§ **What you should do**: An exact copy of the listing below is needed, with no pictures in it.

§ **Records provided**:
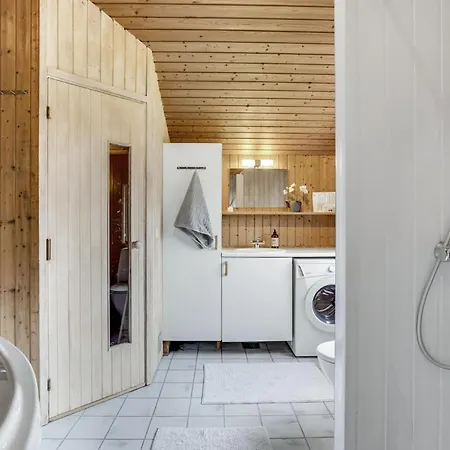 Nice Home In Vaeggerlose With Sauna * Bøtø By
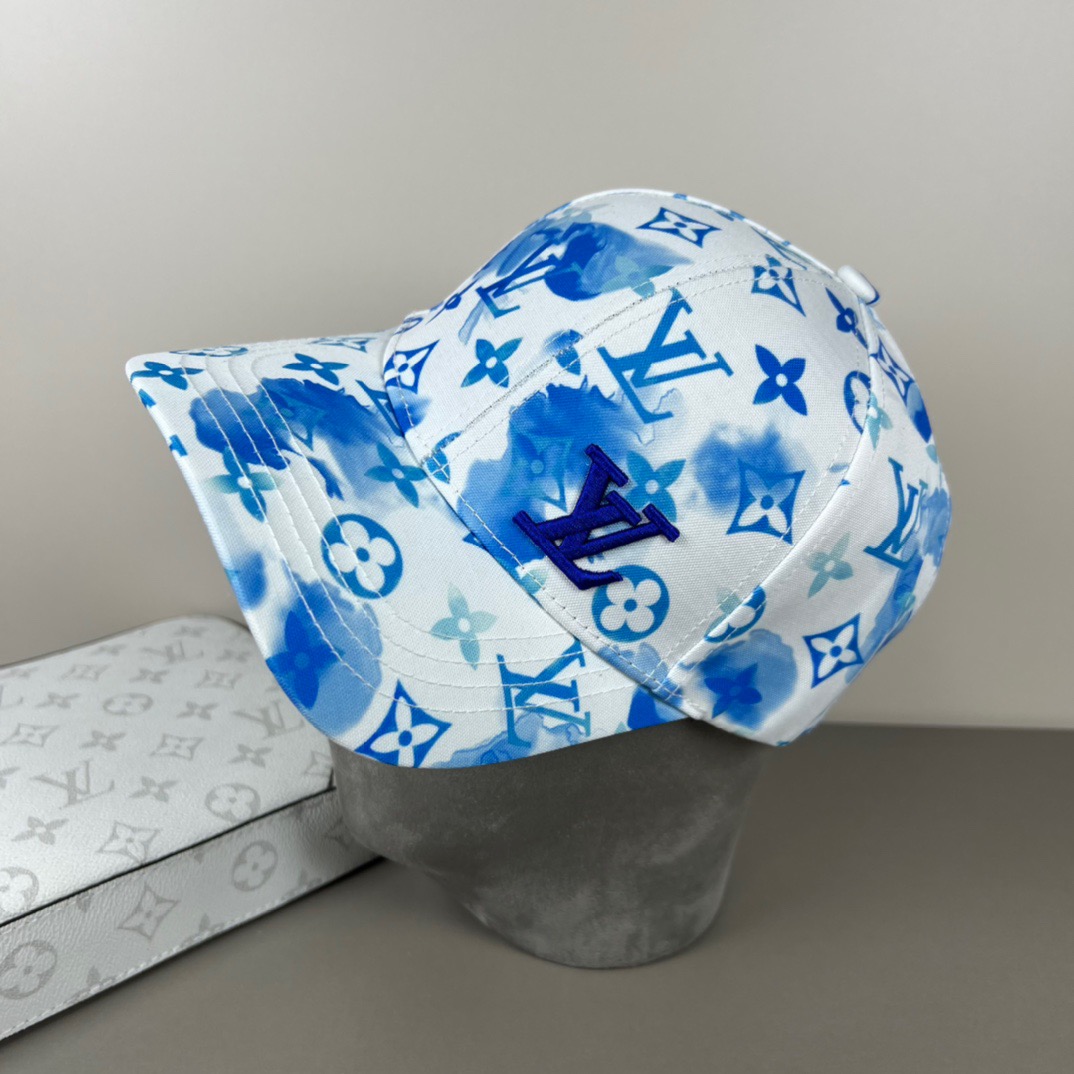 P🧢路易威登lv棒球帽 LouisVuitton😍新款重工打造♥️高端大气，百搭款🤗男女通用！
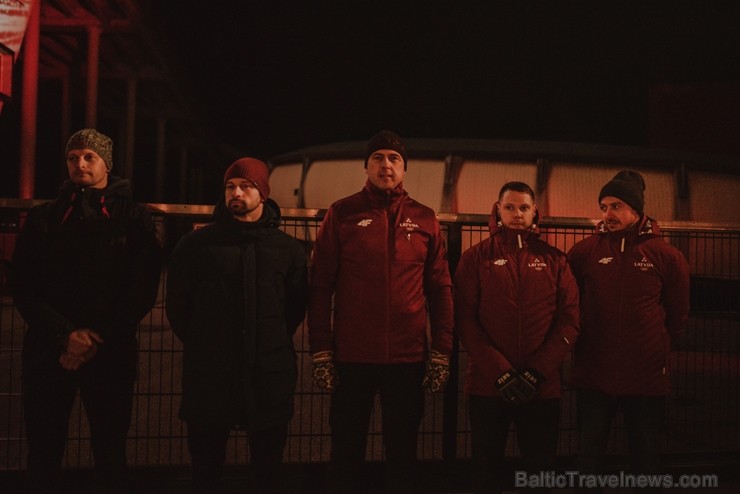 Lāčplēša dienā virs bobsleja un kamaniņu trases 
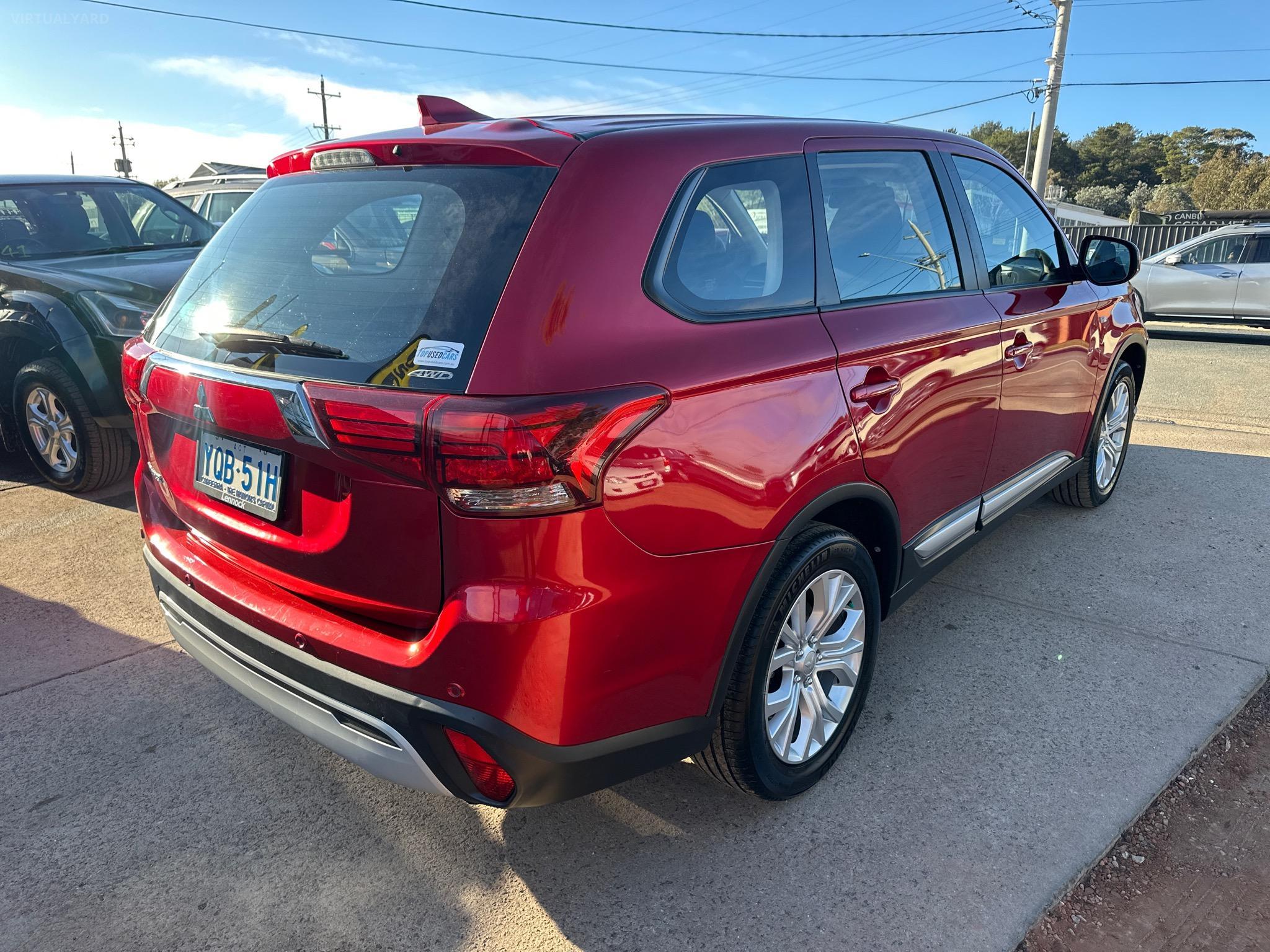 MITSUBISHI OUTLANDER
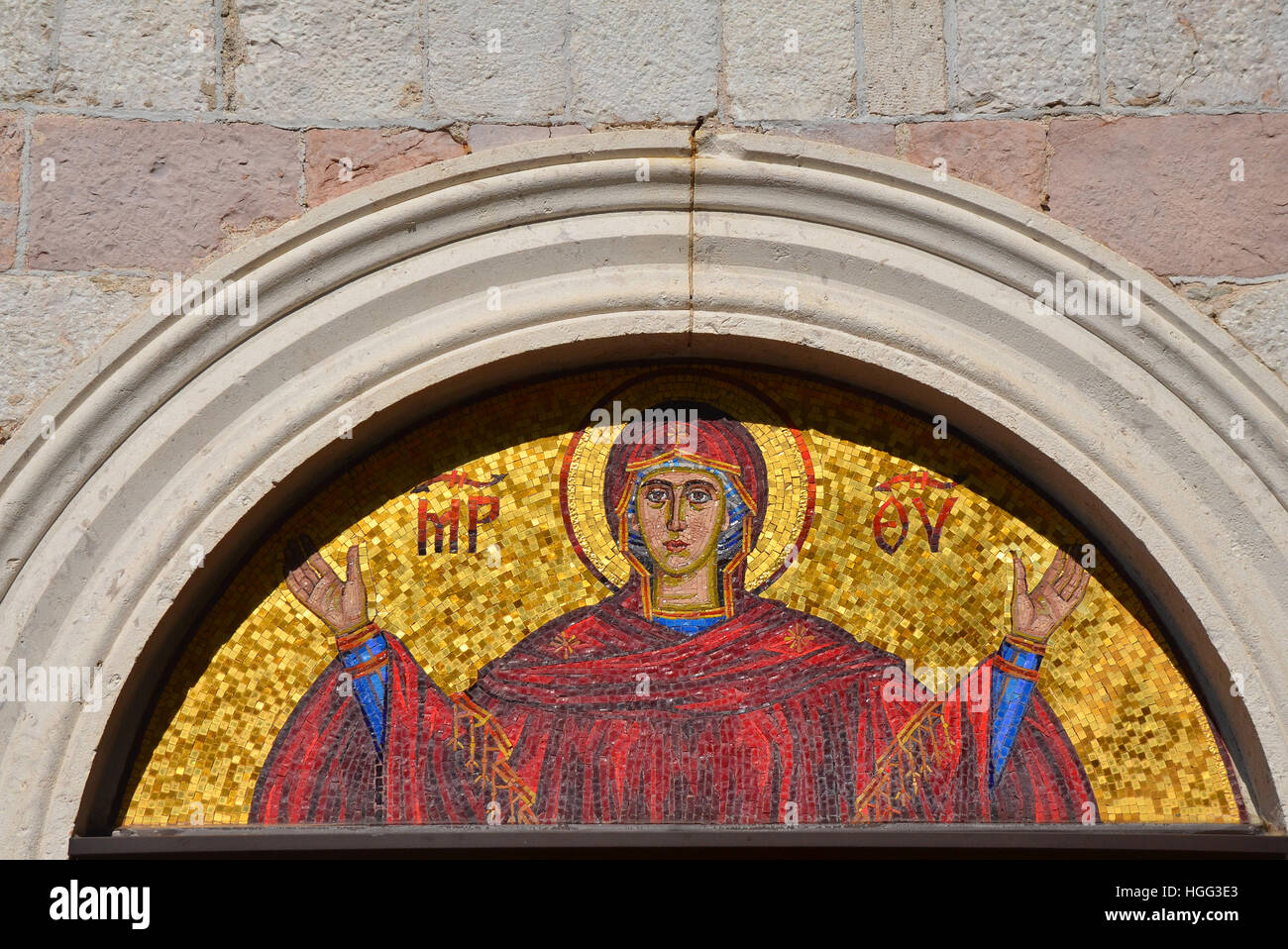 Une peinture murale d'un saint orthodoxe grecque au-dessus de l'entrée d'une église à Budva, Monténégro Banque D'Images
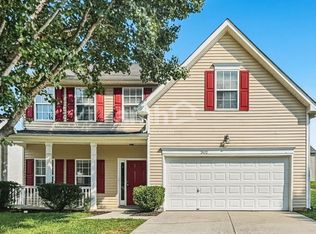 2632 Forest Grove Ct, Charlotte, NC 28269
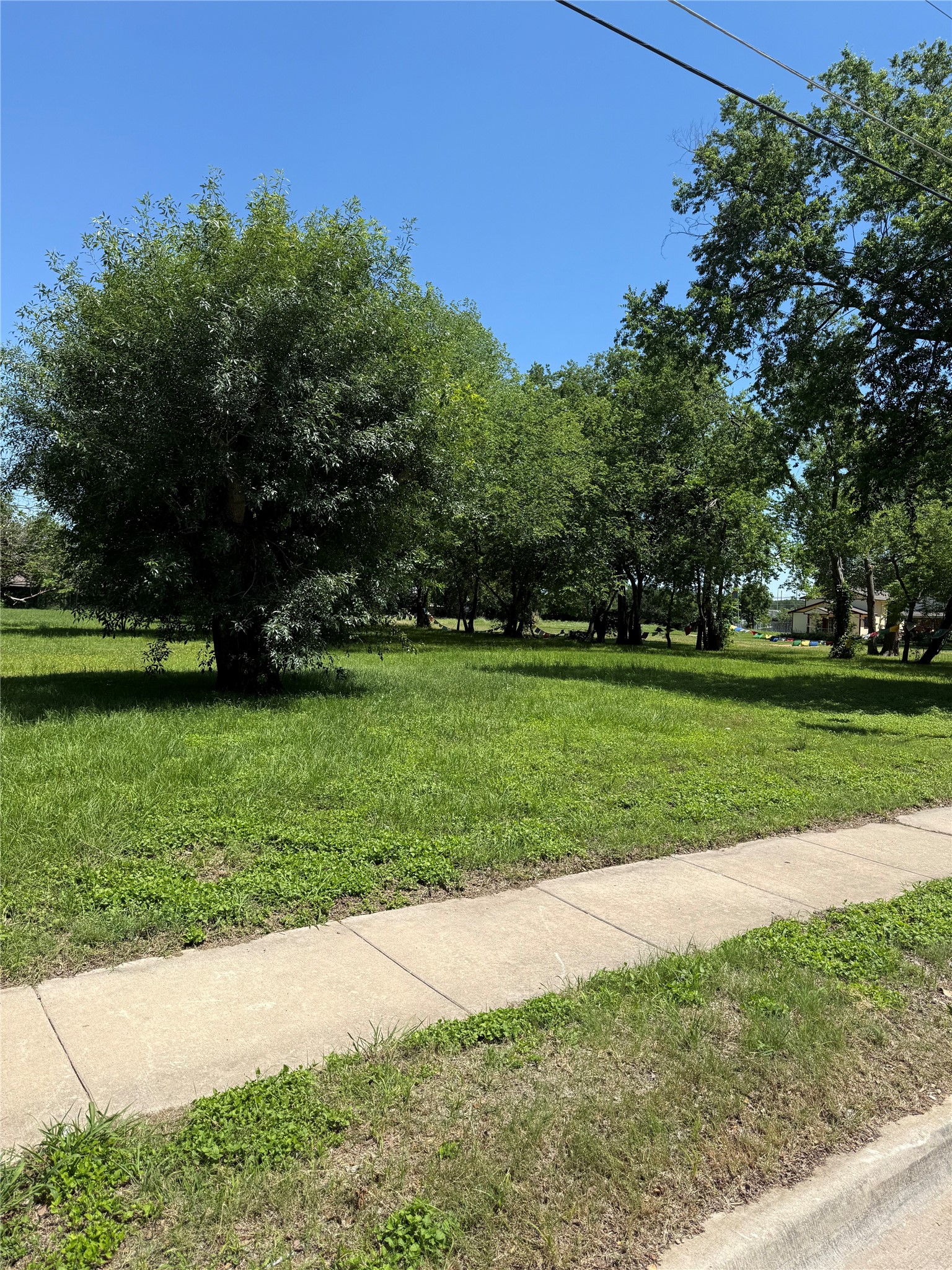 1022 Armeda Avenue Irving TX 75061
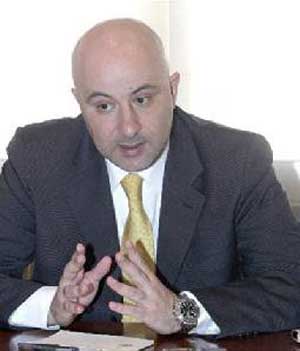 وزير الصناعة يبحث مع مسؤولين وتجار غدا اوضاع السوق وزير الصناعة يبحث مع مسؤولين وتجار غدا اوضاع السوق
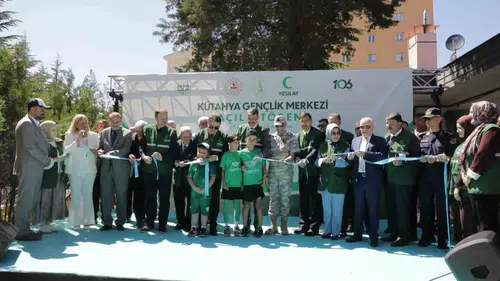Kütahya’da gençlerin yeni buluşma noktası: Yeşilay Gençlik Merkezi kapılarını açtı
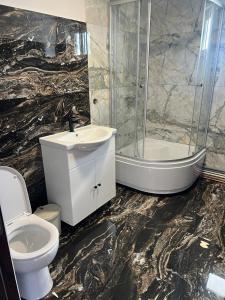 Ένα μπάνιο στο Apartamente B&K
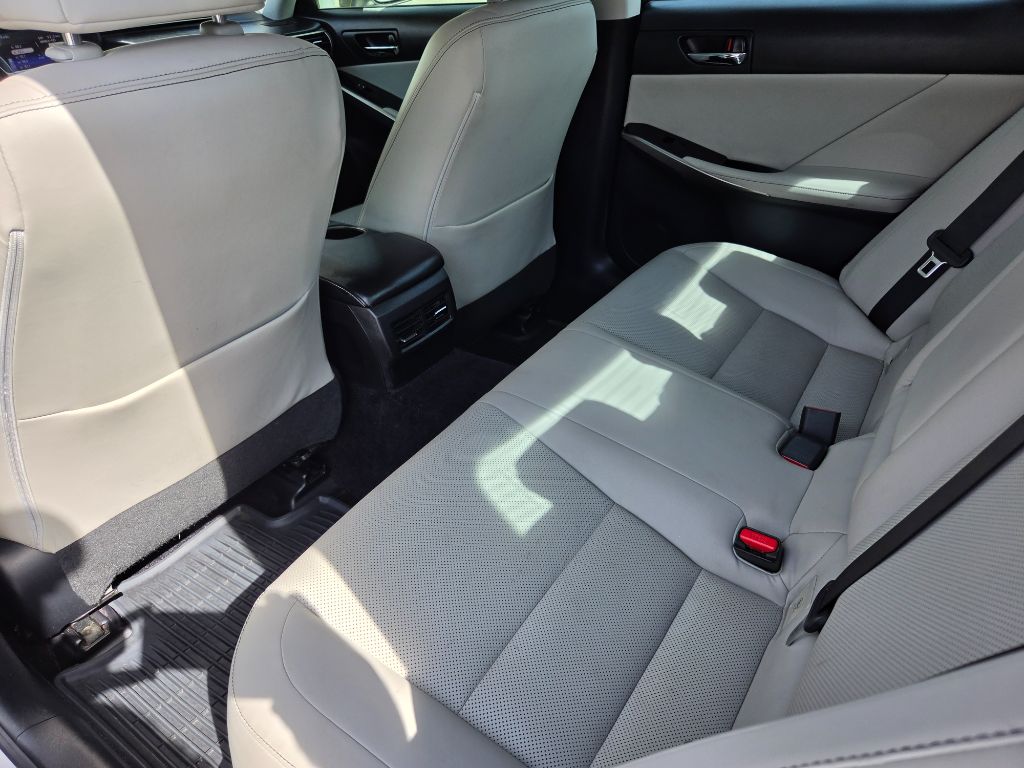 2014 Lexus IS - $9,750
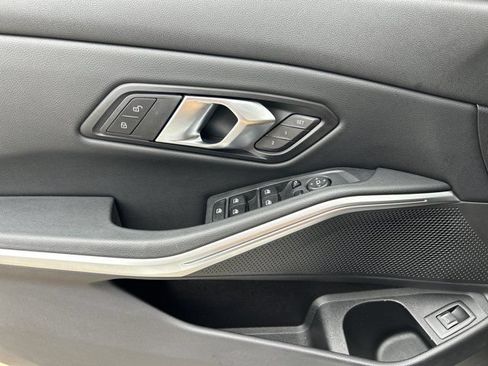Certified 2026 BMW 330i xDrive Sedan AWD/4WD image 17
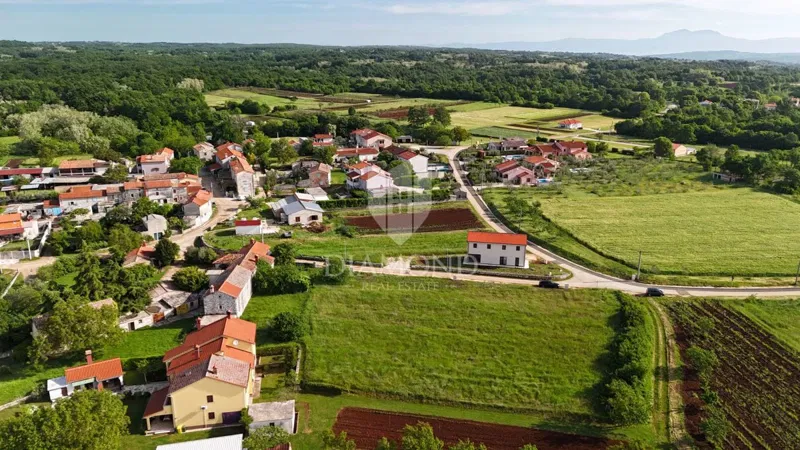 Barban, terreno con progetto e permesso – 2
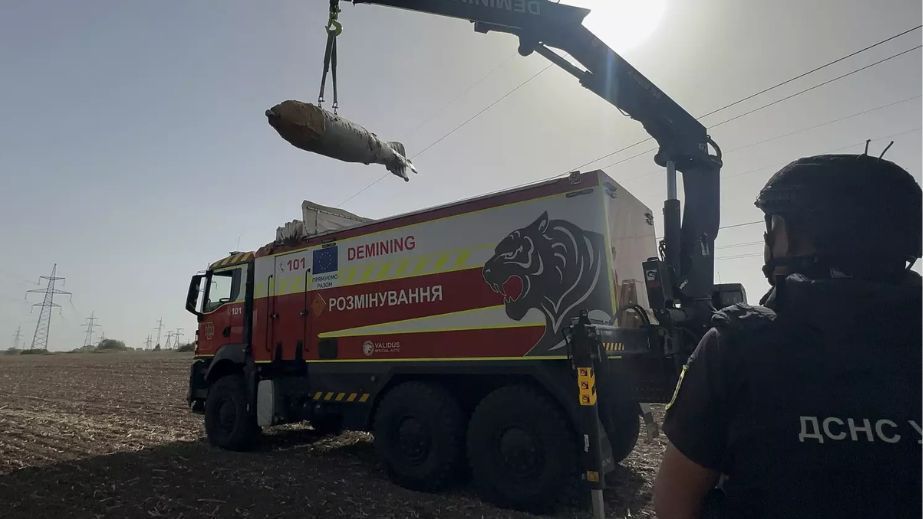 На Запорожье нашли неразорвавшийся российский КАБ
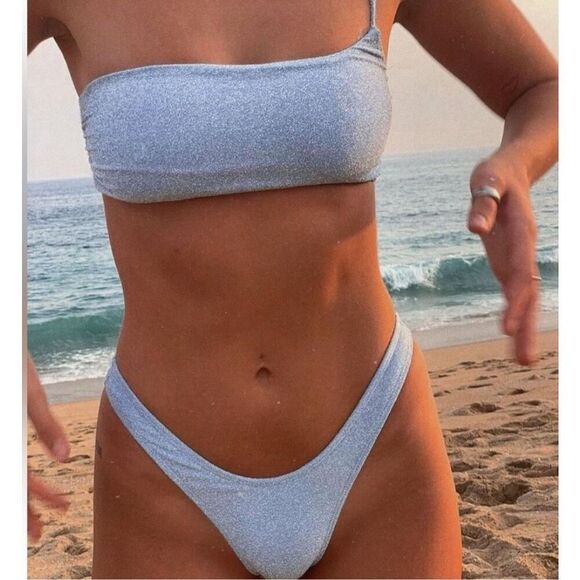Elysiian Malibu Bikini Top - Picture 1 of 5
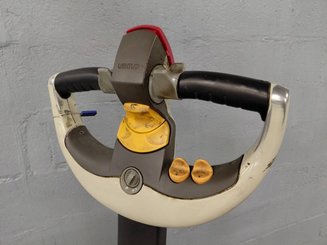 Hochhubwagen mit Deichsel Crown ESI4000-12 - 9
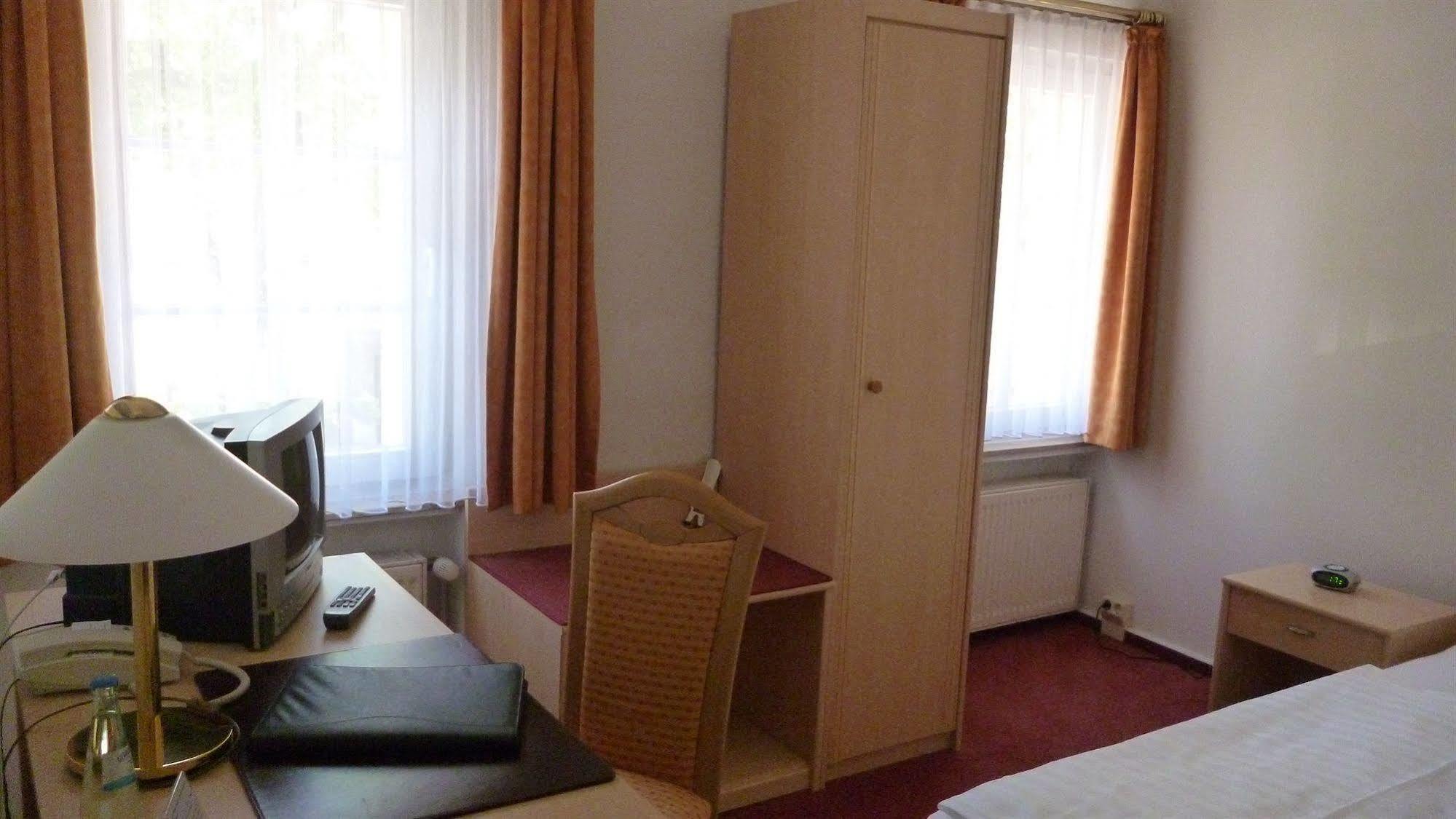 Hotel Und Restaurant Kranichsberg 볼테스도프 외부 사진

§ **Result of this exercise**:
 Nice Home In Vaeggerlose With Sauna * Bøtø By
 P🧢路易威登lv棒球帽 LouisVuitton😍新款重工打造♥️高端大气，百搭款🤗男女通用！
 Lāčplēša dienā virs bobsleja un kamaniņu trases 
 MITSUBISHI OUTLANDER
 Une peinture murale d'un saint orthodoxe grecque au-dessus de l'entrée d'une église à Budva, Monténégro Banque D'Images
 2632 Forest Grove Ct, Charlotte, NC 28269
 1022 Armeda Avenue Irving TX 75061
 وزير الصناعة يبحث مع مسؤولين وتجار غدا اوضاع السوق وزير الصناعة يبحث مع مسؤولين وتجار غدا اوضاع السوق
Kütahya’da gençlerin yeni buluşma noktası: Yeşilay Gençlik Merkezi kapılarını açtı
 Ένα μπάνιο στο Apartamente B&K
 2014 Lexus IS - $9,750
Certified 2026 BMW 330i xDrive Sedan AWD/4WD image 17
 Barban, terreno con progetto e permesso – 2
 На Запорожье нашли неразорвавшийся российский КАБ
Elysiian Malibu Bikini Top - Picture 1 of 5
 Hochhubwagen mit Deichsel Crown ESI4000-12 - 9
 Hotel Und Restaurant Kranichsberg 볼테스도프 외부 사진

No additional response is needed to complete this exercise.